Quant aux Treize, l'auteur se sent assez fortement appuyé par les détails de cette histoire, presque romanesque, pour abdiquer encore l'un des plus beaux priviléges de romancier dont il y ait exemple, et qui, sur le Châtelet de la littérature, pourrait s'adjuger à haut prix, et imposer le public d'autant de volumes que lui en a donné LA CONTEMPORAINE. Les Treize étaient tous des hommes trempés comme le fut Trelawney, l'ami de lord Byron, et, dit-on, l'original du Corsaire; tous fatalistes, gens de cœur et de poésie, mais ennuyés de la vie plate qu'ils menaient, entraînés vers des jouissances asiatiques par des forces d'autant plus excessives que, longtemps endormies, elles se réveillaient plus furieuses. Un jour, l'un d'eux, après avoir relu Venise sauvée, après avoir admiré l'union sublime de Pierre et de Jaffier, vint à songer aux vertus particulières des gens jetés en dehors de l'ordre social, à la probité des bagnes, à la fidélité des voleurs entre eux, aux priviléges de puissance exorbitante que ces hommes savent conquérir en confondant toutes les idées dans une seule volonté. Il trouva l'homme plus grand que les hommes. Il présuma que la société devait appartenir tout entière à des gens distingués qui, à leur esprit naturel, à leurs lumières acquises, à leur fortune, joindraient un fanatisme assez chaud pour fondre en un seul jet ces différentes forces. Dès lors, immense d'action et d'intensité, leur puissance occulte, contre laquelle l'ordre social serait sans défense, y renverserait les obstacles, foudroierait les volontés, et donnerait à chacun d'eux le pouvoir diabolique de tous.

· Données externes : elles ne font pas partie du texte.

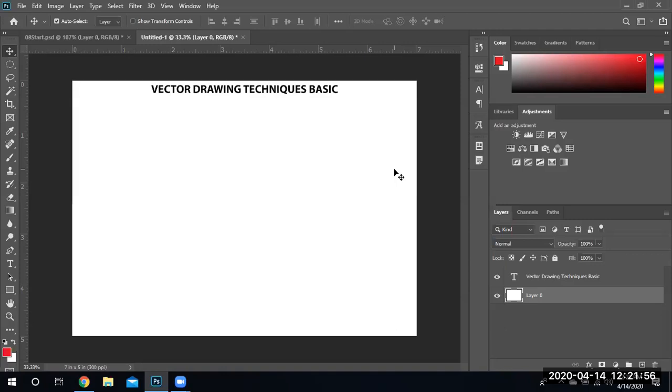In today's topic, we're going to talk about vectors. What are vectors and how to use vectors correctly in Photoshop.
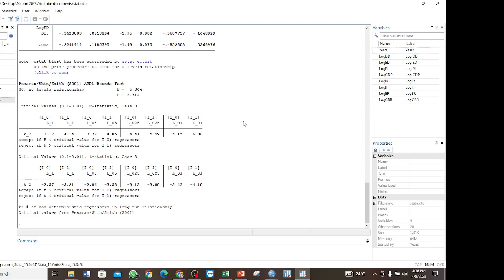Since there is no cointegration, we are going to estimate only the short-run relationship using the ARDL model. But if there had been cointegration, we would perform the error correction model and interpret both the long-run and short-run relationships. That is how you perform the bounds test and interpret the results. In the next video, I will show how to perform the ARDL model for the short-run relationship and the error correction model for the long-run relationship.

Ce monde à part dans le monde, hostile au monde, n'admettant aucune des idées du monde, n'en reconnaissant aucune loi, ne se soumettant qu'à la conscience de sa nécessité, n'obéissant qu'à un dévouement, agissant tout entier pour un seul des associés quand l'un d'eux réclamerait l'assistance de tous cette vie de flibustiers en gants jaunes et en carrosse; cette union intime de gens supérieurs, froids et railleurs, souriant et maudissant au milieu d'une société fausse et mesquine; la certitude de tout faire plier sous un caprice, d'ourdir une vengeance avec habileté, de vivre dans treize cœurs; puis le bonheur continu

d'avoir un secret de haine en face des hommes, d'être toujours armé contre eux, et de pouvoir se retirer en soi avec une idée de plus que n'en avaient les gens les plus remarquables : cette religion de plaisir et d'égoïsme fanatisa treize hommes, qui recommencèrent la Société de Jésus au profit du diable. Ce fut horrible et sublime. Puis le pacte eut lieu; puis il dura, précisément parce qu'il paraissait impossible. Il y eut donc, dans Paris, treize frères qui s'appartenaient et se méconnaissaient tous dans le monde ; mais qui se retrouvaient réunis, le soir, comme des conspirateurs, ne se cachant aucune pensée, usant tour à tour d'une fortune semblable à celle du Vieux de la Montagne; ayant les pieds dans tous les salons, les mains dans tous les coffres-forts, les coudes dans la rue, leurs têtes sur tous les oreillers, et, sans scrupule, faisant tout servir à leur fantaisie. Aucun chef ne les commanda, personne ne put s'arroger le pouvoir; seulement, la passion la plus vive, la circonstance la plus exigeante passait la première. Ce furent treize rois inconnus, mais réellement rois, et plus que rois, des juges et des bourreaux qui, s'étant fait des ailes pour parcourir la société du haut en bas, dédaignèrent d'y être quelque chose, parce qu'ils y pouvaient tout. Si l'auteur apprend les causes de leur abdication, il les dira.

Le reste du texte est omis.